Вообще у нас была очень спортивная среда. Через дорогу от дома располагался футбольный стадион, тут же — хоккейная площадка. Рядом лес, куда мы регулярно ходили кататься на лыжах. Отец был постоянно занят в клубе, естественно, я все время крутился возле него. Играл в детской команде своего возраста и годом старше. Выходил на тренировки даже со взрослыми. В сильные холода спортшкола закрывалась, и мы с пацанами шли на каток. Пять минут покатаешься, потом трешь заиндевевшие щеки и нос.
— Слышал, футбол в списке ваших спортивных пристрастий занимал первое место.

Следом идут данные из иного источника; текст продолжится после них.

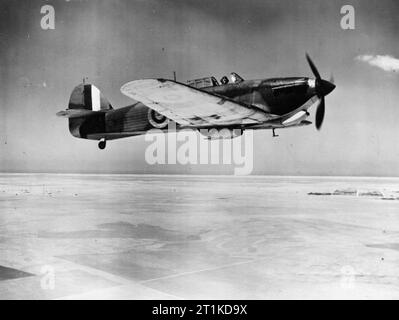 Les avions de la Royal Air Force 1939-1945- Hawker Hurricane. L'ouragan Mark I, P2627, du n° 274 Squadron RAF basés à Amriya, l'Égypte, l'objet d'un test à l'air. Cet avion est un des premiers &# 145;&# 146 tropicalisée, version, équipée d'un filtre Vokes sur l'admission d'air du carburateur. Banque D'Images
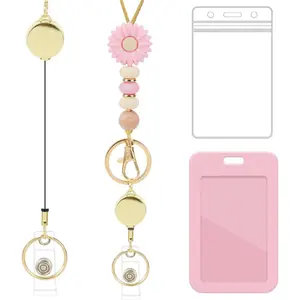 SQ-KC062 Retractable Lanyard ID Badge Holder - Pink Daisy Lanyard with ID Holder, Cute Teacher Retractable ID Badge Holder with Silicone Beaded Keys Keychain Breakaway Lanyards for Women Nurse Teachers Gifts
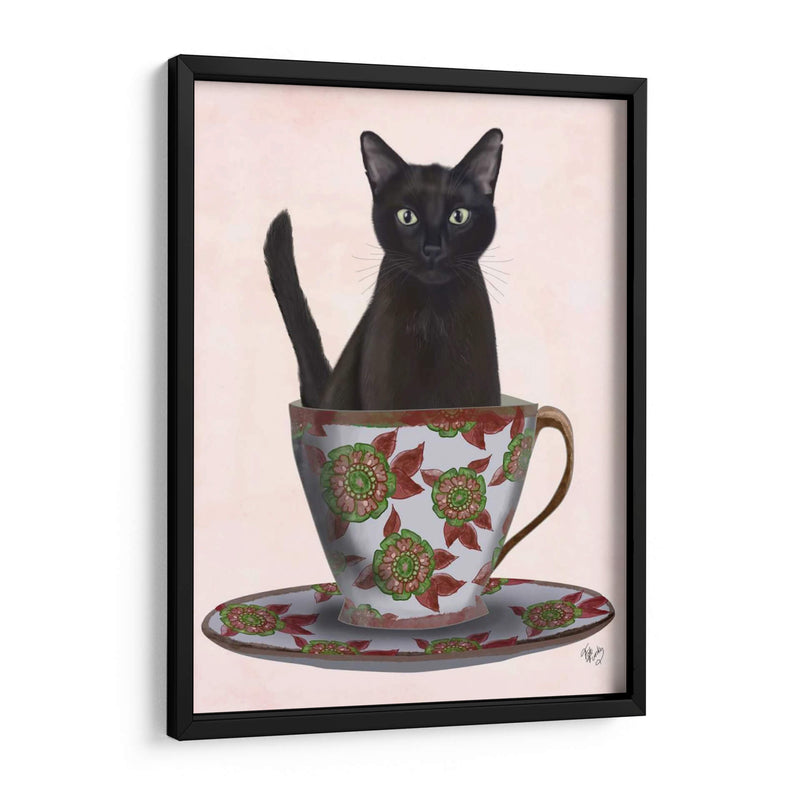 Gato Negro En Taza De Té - Fab Funky | Cuadro decorativo de Canvas Lab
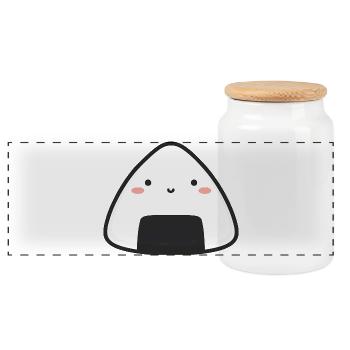 Kawaii Onigiri Reis - Panorama Keksdose mit Holzdeckel - Weiß - Vorne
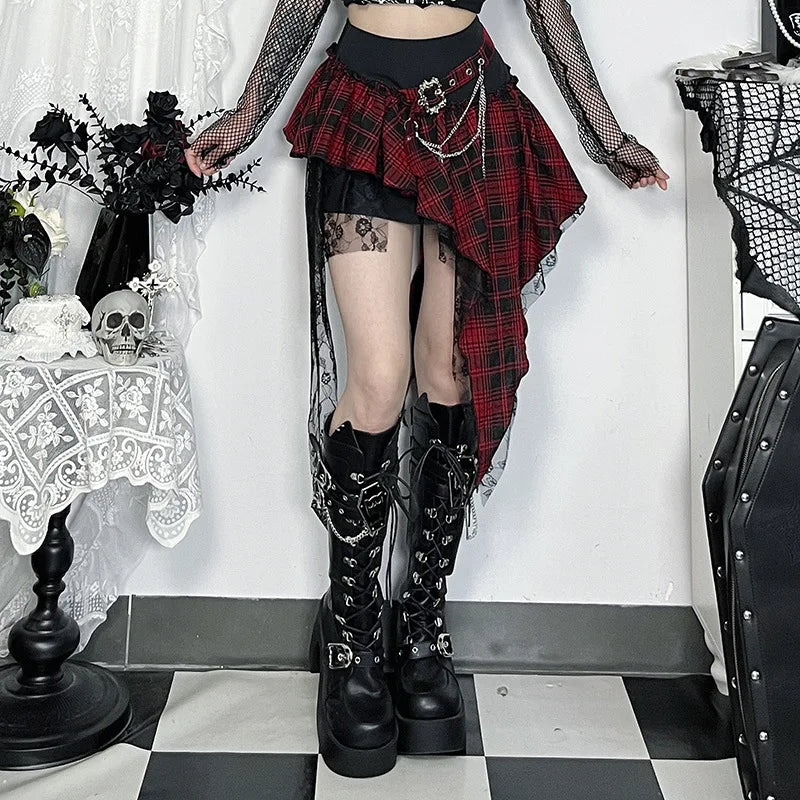 Plaid Print Patchwork Irregular Mini Kpop Casual Skirt Hot Girl Summer All Match Gothic Aesthetic Grunge Streetwear Ruffle Skirt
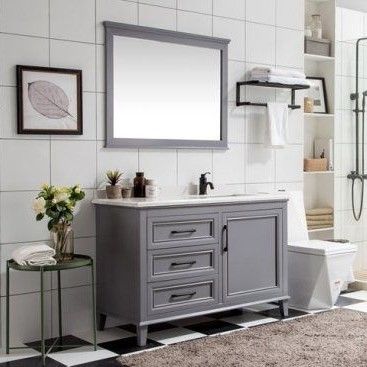 Badezimmer Vanity im europäischen Stil mit grifffreiem Design und individuellen Farboptionen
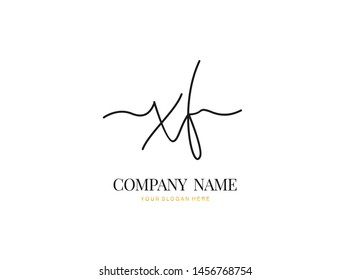 X F XF Initial handwriting logo design with circle. Beautiful design handwritten logo for fashion, team, wedding, luxury logo.
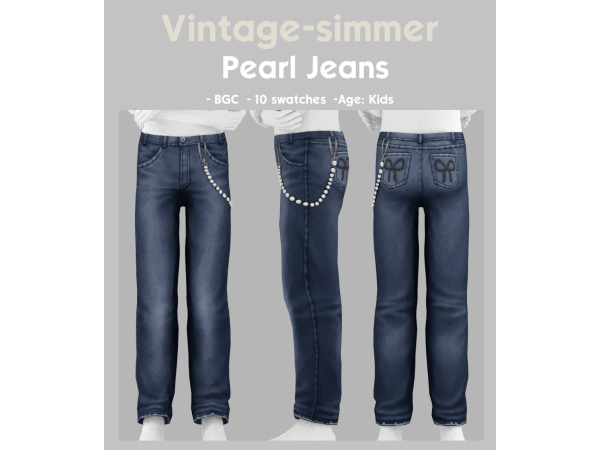 Maxis Match Pearl Jeans simmer by vintage - The Sims 4 custom content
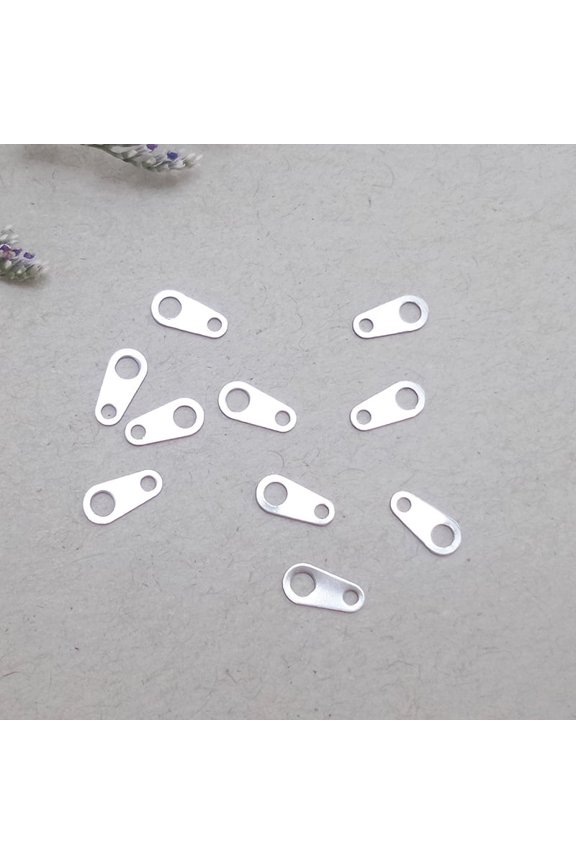 500 pc Non-Tarnish 316 Surgical Stainless Steel Chain Tabs Chain Extender Connectors Oval Stainless Steel color 8x4mm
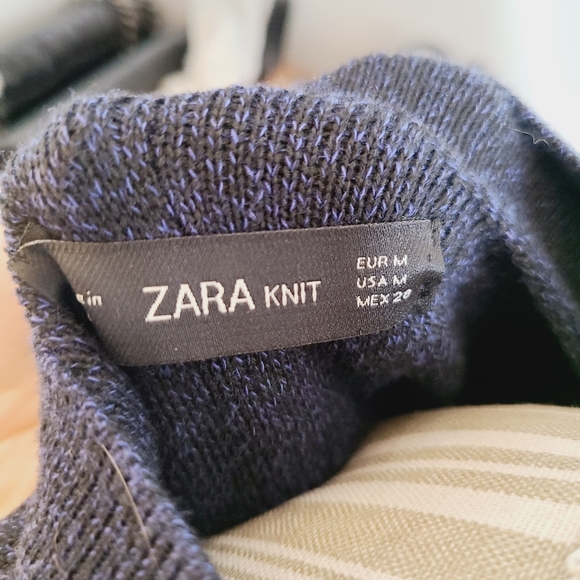 Zara knitted short sleeve blouse navy blue - Picture 6 of 8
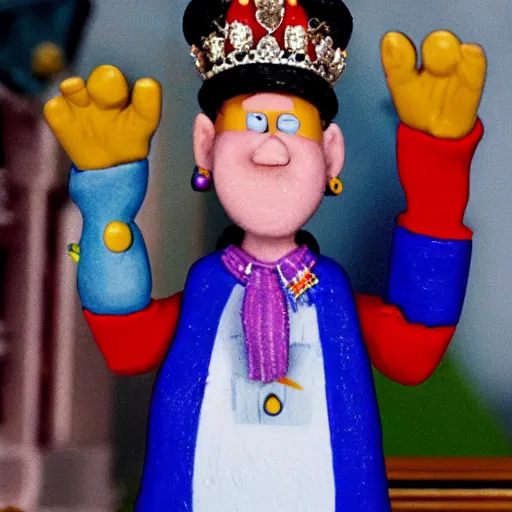 Image similar to claymation character of the queen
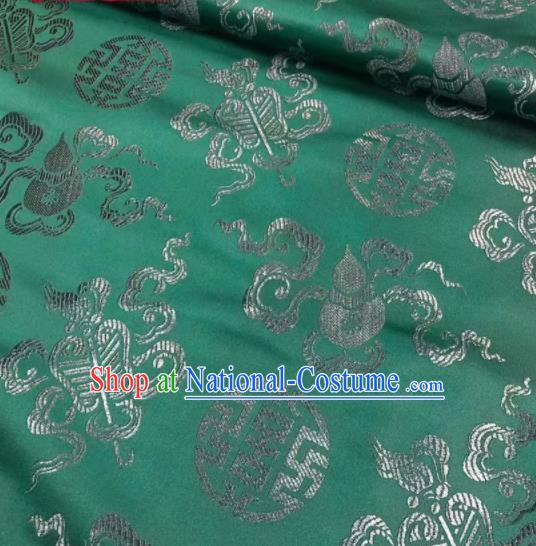 Chinese Royal Eight Immortals Pattern Design Green Brocade Fabric Asian Traditional Satin Silk Material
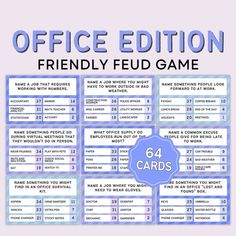 the office card game is shown in blue and white with text that reads, friendly fed game 6 cards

— Отец во время службы в армии играл в первой лиге. Из-за травмы его карьера прервалась, но любовь к футболу сохранилась. Со временем она передалась и мне. Если бы мы остались в Пскове, наверняка я стал бы футболистом. Там не было сильных морозов, да и хоккей развивался только на областном уровне. В Заполярье же все наоборот: холода стоят девять месяцев в году, лето — только три. В общем, мой выбор оказался продиктован самой жизнью. Хотя мне до сих пор очень нравится футбол. Когда НХЛ в очередной раз прервалась из-за локаута, я вернулся в Россию и собирался поиграть в футбол на профессиональном уровне. Была мысль найти команду из первой или второй лиги и выступать за нее. Но не срослось... Впрочем, у меня есть одно футбольное достижение, которым очень горжусь. В 2006 году я принимал участие в поединке сборной мира против сборной Англии. Игра проходила в Манчестере, на знаменитом стадионе «Олд Траффорд», под патронатом ЮНИСЕФ. Мы готовились к матчу в течение двух недель, все было очень серьезно. Да и состав нашей команды выглядел внушительно: в воротах стоял знаменитый датчанин Петер Шмейхель, в поле играли Диего Марадона и Дзола, а тренировал команду Рууд Гуллит. Против нас выступали профессионалы, совсем недавно завершившие карьеру в английской премьер-лиге. Среди звезд мирового футбола было всего несколько любителей. Причем только двое из них выдержали на поле все 90 минут — я и один итальянский актер. Я играл на позиции центрального полузащитника, отдал Марадоне аж семь передач. Пасовать кому-то еще возможности не было: англичане боролись по-настоящему, при потере мяча сразу начинали прессинговать. После первого тайма, когда мы уходили в раздевалку, легендарный аргентинец показал мне большой палец: мол, хорошо играешь. Это была высшая похвала!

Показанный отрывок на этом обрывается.